Psycholinguistic processes
One way to interpret the results is to consider whether phonological processing plays a role in the production effect. Reading in a second language may have involved transforming written words (orthographic form) into the corresponding phonemes (sounds) and then into meaning (semantics), while reading in a first language may have involved associating written words directly with their meaning (Coltheart et al., 2001; Jobard et al., 2003; Seidenberg, 2005; Seidenberg & McClelland, 1989). Some evidence suggests that sound-meaning associations may be utilized less with greater reading experience (Wise Younger et al., 2017). In early childhood, phonological abilities and activation in regions implicated in phonological processing (e.g., inferior parietal regions) were associated with later orthographic abilities (Sprenger-Charolles et al., 2003) and reading improvements (Wise Younger et al., 2017).
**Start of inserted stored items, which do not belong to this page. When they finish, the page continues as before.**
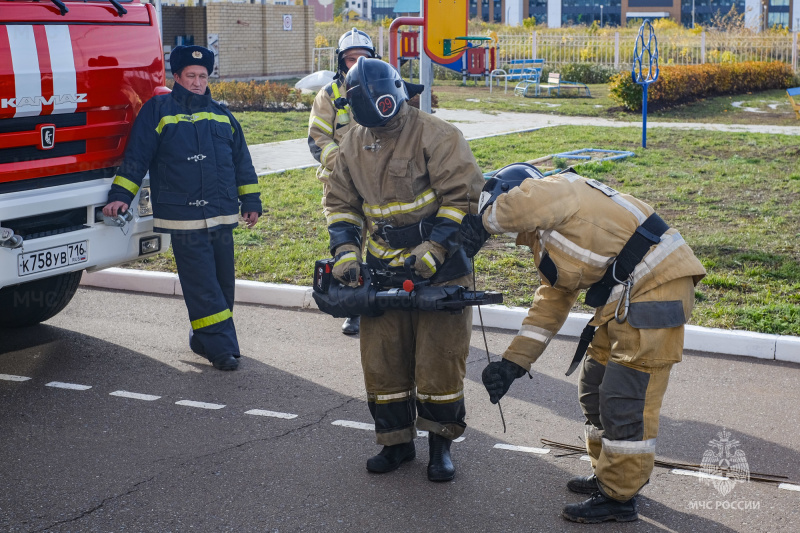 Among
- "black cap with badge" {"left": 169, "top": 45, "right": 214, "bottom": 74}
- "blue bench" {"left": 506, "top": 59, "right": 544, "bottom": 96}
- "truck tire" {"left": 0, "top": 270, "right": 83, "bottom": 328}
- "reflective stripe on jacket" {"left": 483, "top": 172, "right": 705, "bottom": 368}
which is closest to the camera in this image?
"reflective stripe on jacket" {"left": 483, "top": 172, "right": 705, "bottom": 368}

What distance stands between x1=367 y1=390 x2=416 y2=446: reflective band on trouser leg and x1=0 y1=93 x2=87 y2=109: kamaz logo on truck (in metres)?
2.53

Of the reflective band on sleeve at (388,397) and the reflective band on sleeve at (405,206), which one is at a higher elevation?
the reflective band on sleeve at (405,206)

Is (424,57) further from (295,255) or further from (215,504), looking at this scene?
(215,504)

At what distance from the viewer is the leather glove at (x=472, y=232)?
3951 mm

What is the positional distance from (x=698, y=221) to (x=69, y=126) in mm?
5884

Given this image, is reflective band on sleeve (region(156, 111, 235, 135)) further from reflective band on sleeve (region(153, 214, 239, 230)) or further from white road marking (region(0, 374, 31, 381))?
white road marking (region(0, 374, 31, 381))

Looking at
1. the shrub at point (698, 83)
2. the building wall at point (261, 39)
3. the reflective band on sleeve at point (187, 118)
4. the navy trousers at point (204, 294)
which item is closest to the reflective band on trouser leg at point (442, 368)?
the navy trousers at point (204, 294)

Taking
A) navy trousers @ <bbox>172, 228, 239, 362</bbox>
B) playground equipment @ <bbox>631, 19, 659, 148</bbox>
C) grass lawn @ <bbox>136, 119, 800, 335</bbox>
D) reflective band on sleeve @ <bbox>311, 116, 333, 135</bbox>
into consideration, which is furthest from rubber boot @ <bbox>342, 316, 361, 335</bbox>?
playground equipment @ <bbox>631, 19, 659, 148</bbox>

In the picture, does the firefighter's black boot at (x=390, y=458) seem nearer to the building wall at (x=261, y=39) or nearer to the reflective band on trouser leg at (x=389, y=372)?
the reflective band on trouser leg at (x=389, y=372)

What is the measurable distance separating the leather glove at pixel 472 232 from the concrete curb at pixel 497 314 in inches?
97.8

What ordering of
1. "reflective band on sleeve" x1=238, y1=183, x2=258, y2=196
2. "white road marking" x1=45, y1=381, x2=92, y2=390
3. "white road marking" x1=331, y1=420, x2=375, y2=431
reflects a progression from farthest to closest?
"reflective band on sleeve" x1=238, y1=183, x2=258, y2=196 → "white road marking" x1=45, y1=381, x2=92, y2=390 → "white road marking" x1=331, y1=420, x2=375, y2=431

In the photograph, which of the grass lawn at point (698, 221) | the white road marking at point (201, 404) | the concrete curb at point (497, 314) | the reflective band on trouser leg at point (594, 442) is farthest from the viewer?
the grass lawn at point (698, 221)

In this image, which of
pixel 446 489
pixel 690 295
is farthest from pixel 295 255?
pixel 690 295

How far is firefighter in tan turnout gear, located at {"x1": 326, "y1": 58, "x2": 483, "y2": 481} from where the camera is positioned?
4.17 metres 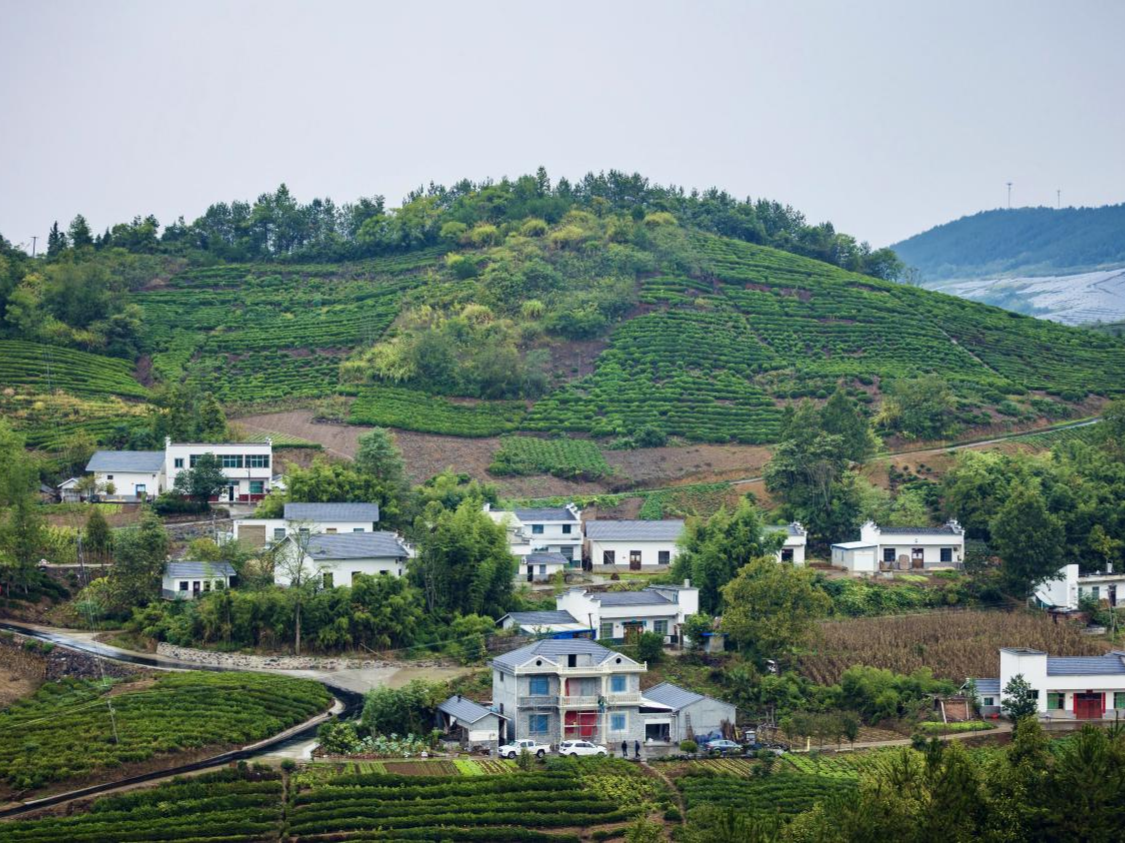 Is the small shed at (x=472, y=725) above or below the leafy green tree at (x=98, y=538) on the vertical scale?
below

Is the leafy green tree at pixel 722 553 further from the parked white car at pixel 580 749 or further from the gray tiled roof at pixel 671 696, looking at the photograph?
the parked white car at pixel 580 749

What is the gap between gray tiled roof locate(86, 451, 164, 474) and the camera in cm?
6353

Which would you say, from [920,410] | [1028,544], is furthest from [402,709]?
[920,410]

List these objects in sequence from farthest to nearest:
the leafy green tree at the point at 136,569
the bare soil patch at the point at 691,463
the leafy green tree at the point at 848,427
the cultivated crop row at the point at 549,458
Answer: the bare soil patch at the point at 691,463
the cultivated crop row at the point at 549,458
the leafy green tree at the point at 848,427
the leafy green tree at the point at 136,569

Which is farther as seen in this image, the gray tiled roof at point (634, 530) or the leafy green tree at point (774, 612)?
the gray tiled roof at point (634, 530)

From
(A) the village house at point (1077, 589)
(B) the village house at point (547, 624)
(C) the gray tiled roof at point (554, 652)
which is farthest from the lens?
(A) the village house at point (1077, 589)

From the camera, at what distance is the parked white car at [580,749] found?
4331 cm

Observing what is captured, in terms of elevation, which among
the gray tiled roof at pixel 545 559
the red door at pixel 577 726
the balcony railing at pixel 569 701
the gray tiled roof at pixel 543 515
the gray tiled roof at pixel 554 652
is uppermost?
the gray tiled roof at pixel 543 515

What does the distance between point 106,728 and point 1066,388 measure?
196 ft

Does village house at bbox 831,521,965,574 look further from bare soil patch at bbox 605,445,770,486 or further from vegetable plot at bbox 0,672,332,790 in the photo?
vegetable plot at bbox 0,672,332,790

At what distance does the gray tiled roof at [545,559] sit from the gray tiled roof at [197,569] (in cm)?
1108

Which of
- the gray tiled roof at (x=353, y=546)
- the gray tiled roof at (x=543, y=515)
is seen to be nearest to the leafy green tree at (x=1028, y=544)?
the gray tiled roof at (x=543, y=515)

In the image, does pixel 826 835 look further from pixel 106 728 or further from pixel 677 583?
pixel 677 583

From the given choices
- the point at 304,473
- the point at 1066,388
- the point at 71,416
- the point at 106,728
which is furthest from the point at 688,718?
the point at 1066,388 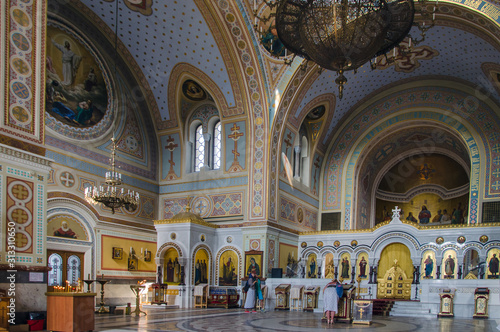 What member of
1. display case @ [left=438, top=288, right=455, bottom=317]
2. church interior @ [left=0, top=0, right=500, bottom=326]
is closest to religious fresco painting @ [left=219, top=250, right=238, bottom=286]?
church interior @ [left=0, top=0, right=500, bottom=326]

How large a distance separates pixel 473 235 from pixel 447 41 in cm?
731

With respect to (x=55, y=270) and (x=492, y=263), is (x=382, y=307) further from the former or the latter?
(x=55, y=270)

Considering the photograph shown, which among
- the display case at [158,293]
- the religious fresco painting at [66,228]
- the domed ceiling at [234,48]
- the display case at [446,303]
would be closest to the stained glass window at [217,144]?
the domed ceiling at [234,48]

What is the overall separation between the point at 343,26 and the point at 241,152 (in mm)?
11065

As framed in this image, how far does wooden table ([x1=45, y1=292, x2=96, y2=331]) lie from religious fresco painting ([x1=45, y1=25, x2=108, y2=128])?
902cm

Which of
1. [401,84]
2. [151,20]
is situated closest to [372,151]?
[401,84]

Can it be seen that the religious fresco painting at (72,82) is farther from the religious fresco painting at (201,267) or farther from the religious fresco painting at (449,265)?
the religious fresco painting at (449,265)

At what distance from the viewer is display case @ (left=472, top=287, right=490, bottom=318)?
14.9m

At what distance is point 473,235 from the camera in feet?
59.1

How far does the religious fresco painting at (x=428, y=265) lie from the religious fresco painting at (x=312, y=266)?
165 inches

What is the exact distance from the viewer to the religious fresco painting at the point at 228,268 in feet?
63.9

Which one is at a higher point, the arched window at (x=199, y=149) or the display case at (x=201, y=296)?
the arched window at (x=199, y=149)

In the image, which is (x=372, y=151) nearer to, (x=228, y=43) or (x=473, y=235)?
(x=473, y=235)

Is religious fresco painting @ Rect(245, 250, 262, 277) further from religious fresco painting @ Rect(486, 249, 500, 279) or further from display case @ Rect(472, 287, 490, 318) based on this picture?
religious fresco painting @ Rect(486, 249, 500, 279) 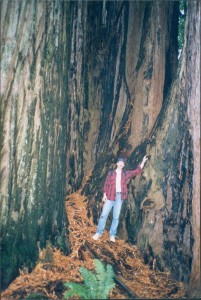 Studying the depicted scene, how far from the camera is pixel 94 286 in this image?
4.39m

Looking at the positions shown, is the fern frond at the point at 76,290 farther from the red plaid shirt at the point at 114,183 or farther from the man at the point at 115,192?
the red plaid shirt at the point at 114,183

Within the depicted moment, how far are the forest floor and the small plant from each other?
0.81ft

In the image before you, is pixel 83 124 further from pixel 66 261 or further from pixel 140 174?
pixel 66 261

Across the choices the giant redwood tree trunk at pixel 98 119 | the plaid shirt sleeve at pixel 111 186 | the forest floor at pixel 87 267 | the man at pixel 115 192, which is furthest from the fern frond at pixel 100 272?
the plaid shirt sleeve at pixel 111 186

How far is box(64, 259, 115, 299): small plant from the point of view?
4.26 meters

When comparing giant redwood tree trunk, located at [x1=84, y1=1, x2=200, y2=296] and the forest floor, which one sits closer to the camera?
the forest floor

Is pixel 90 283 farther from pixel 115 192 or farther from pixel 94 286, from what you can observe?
pixel 115 192

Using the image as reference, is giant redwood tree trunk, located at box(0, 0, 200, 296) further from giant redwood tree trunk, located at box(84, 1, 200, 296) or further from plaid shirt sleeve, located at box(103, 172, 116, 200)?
plaid shirt sleeve, located at box(103, 172, 116, 200)

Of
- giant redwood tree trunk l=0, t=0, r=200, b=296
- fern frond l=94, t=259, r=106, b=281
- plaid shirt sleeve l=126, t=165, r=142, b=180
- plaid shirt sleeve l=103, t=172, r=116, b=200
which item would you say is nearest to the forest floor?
giant redwood tree trunk l=0, t=0, r=200, b=296

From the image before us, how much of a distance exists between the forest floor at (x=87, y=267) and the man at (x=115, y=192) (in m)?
0.28

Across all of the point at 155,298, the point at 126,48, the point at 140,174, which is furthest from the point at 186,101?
the point at 155,298

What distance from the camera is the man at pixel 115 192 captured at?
5.61 m

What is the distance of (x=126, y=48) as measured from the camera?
646 centimetres

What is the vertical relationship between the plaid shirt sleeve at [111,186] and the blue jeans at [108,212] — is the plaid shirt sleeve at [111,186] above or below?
above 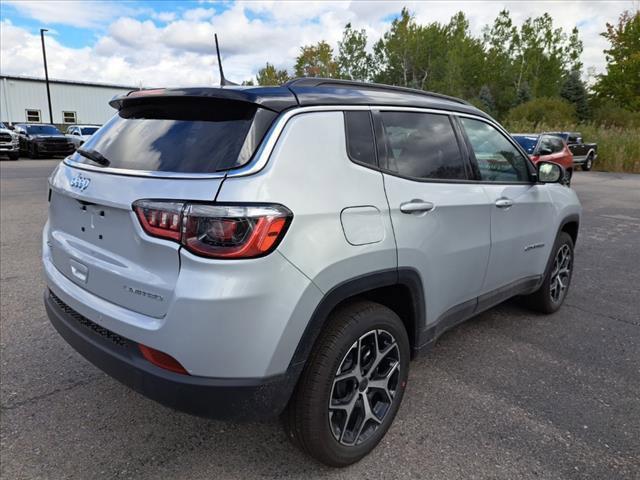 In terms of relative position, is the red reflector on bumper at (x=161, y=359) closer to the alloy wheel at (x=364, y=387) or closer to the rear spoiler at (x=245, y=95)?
the alloy wheel at (x=364, y=387)

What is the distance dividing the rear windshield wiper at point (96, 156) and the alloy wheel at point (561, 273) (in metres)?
3.69

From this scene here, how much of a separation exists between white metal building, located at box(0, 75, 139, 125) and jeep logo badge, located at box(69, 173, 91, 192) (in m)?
41.0

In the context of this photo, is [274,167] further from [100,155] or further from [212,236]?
[100,155]

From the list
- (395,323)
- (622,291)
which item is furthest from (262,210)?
(622,291)

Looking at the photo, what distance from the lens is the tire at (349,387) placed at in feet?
7.18

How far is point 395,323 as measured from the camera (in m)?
2.52

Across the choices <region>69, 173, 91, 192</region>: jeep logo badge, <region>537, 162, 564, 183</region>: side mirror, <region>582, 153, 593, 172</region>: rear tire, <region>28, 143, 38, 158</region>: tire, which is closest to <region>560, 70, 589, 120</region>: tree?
<region>582, 153, 593, 172</region>: rear tire

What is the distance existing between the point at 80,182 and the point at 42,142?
2516 cm

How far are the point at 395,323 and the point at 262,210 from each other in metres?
1.02

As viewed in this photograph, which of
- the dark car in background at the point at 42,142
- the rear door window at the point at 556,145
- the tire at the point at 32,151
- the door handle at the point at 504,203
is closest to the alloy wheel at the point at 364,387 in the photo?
the door handle at the point at 504,203

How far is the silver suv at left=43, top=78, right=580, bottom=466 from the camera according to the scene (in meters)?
1.91

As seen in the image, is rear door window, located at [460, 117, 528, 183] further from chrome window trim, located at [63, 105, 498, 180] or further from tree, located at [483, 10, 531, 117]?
tree, located at [483, 10, 531, 117]

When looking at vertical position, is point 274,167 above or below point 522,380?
above

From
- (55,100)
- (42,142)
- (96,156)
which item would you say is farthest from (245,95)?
Answer: (55,100) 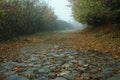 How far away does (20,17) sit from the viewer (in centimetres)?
1558

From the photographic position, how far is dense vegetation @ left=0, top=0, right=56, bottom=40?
13.0m

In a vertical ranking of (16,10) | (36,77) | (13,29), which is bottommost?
(36,77)

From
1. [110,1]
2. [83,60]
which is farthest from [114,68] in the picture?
[110,1]

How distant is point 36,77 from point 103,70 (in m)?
1.72

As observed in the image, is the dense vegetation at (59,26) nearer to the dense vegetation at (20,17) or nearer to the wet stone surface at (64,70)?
the dense vegetation at (20,17)

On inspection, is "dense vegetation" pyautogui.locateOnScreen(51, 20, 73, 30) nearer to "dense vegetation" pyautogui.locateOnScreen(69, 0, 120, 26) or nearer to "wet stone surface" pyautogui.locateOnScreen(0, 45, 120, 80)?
"dense vegetation" pyautogui.locateOnScreen(69, 0, 120, 26)

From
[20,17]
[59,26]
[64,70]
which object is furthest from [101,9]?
[59,26]

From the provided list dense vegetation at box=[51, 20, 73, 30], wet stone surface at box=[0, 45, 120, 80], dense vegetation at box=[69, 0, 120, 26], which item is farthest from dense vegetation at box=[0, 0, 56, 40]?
dense vegetation at box=[51, 20, 73, 30]

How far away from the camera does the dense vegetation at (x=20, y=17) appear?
13.0 meters

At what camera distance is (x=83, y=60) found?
6469 millimetres

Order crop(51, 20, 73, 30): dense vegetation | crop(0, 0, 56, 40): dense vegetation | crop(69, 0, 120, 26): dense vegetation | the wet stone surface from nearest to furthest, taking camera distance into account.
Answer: the wet stone surface < crop(0, 0, 56, 40): dense vegetation < crop(69, 0, 120, 26): dense vegetation < crop(51, 20, 73, 30): dense vegetation

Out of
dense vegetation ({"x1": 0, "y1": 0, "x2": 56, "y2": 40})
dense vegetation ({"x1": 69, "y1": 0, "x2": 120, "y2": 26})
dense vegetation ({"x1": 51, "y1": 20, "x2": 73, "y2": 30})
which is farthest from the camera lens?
dense vegetation ({"x1": 51, "y1": 20, "x2": 73, "y2": 30})

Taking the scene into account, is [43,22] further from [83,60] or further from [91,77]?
[91,77]

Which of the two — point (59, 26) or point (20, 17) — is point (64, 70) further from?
point (59, 26) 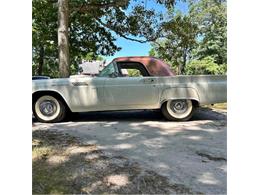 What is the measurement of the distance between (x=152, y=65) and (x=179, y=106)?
Result: 101cm

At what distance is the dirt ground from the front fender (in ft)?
1.60

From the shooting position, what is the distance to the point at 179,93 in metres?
6.37

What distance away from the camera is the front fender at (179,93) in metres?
6.37

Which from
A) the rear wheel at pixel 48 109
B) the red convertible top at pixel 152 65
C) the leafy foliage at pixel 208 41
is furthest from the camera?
the leafy foliage at pixel 208 41

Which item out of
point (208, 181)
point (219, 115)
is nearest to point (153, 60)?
point (219, 115)

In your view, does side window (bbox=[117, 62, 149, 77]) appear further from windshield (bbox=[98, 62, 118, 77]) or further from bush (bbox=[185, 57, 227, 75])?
bush (bbox=[185, 57, 227, 75])

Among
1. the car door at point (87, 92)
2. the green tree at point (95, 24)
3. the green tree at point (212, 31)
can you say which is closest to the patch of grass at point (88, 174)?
the car door at point (87, 92)

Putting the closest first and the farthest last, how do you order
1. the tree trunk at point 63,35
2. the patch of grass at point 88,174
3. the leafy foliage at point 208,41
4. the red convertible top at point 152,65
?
1. the patch of grass at point 88,174
2. the red convertible top at point 152,65
3. the tree trunk at point 63,35
4. the leafy foliage at point 208,41

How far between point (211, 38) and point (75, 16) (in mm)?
18931

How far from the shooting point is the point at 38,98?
21.3ft

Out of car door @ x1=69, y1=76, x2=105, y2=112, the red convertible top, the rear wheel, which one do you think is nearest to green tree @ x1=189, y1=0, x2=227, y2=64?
the red convertible top

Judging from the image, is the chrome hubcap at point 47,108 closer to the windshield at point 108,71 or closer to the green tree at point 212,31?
the windshield at point 108,71

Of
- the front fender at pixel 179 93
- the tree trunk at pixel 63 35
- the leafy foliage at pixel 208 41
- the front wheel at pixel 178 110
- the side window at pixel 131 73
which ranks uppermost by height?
the leafy foliage at pixel 208 41

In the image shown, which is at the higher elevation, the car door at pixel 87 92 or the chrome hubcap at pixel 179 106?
the car door at pixel 87 92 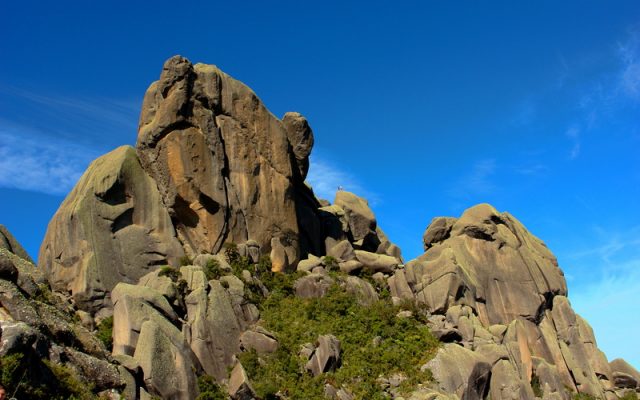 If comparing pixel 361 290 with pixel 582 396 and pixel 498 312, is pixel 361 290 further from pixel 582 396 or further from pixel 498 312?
pixel 582 396

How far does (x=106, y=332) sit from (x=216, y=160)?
18.5m

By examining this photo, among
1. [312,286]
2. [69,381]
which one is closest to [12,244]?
[69,381]

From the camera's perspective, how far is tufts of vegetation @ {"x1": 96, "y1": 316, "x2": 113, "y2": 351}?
38.8 meters

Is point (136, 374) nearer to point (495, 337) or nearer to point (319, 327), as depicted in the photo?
point (319, 327)

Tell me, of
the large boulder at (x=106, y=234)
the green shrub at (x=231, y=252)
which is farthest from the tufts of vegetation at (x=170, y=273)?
the green shrub at (x=231, y=252)

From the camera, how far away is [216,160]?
54281mm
Adults learning a second language also showed inferior parietal activation, which additionally correlated with proficiency gains (Barbeau et al., 2017). Unbalanced bilinguals showed greater activation in brain regions involved in articulation and orthographic-phonological associations (inferior frontal gyrus, premotor cortex, fusiform gyrus) when reading out loud in their second language compared to their first language (Berken et al., 2015). If reading in a second language relies more on phonological processing than in a first language, articulating L2 words might prime phonological associations, which may increase the production effect. However, from this perspective one could also assume that articulation is redundant to phonological processing in a second language and thus may not offer a novel encoding process.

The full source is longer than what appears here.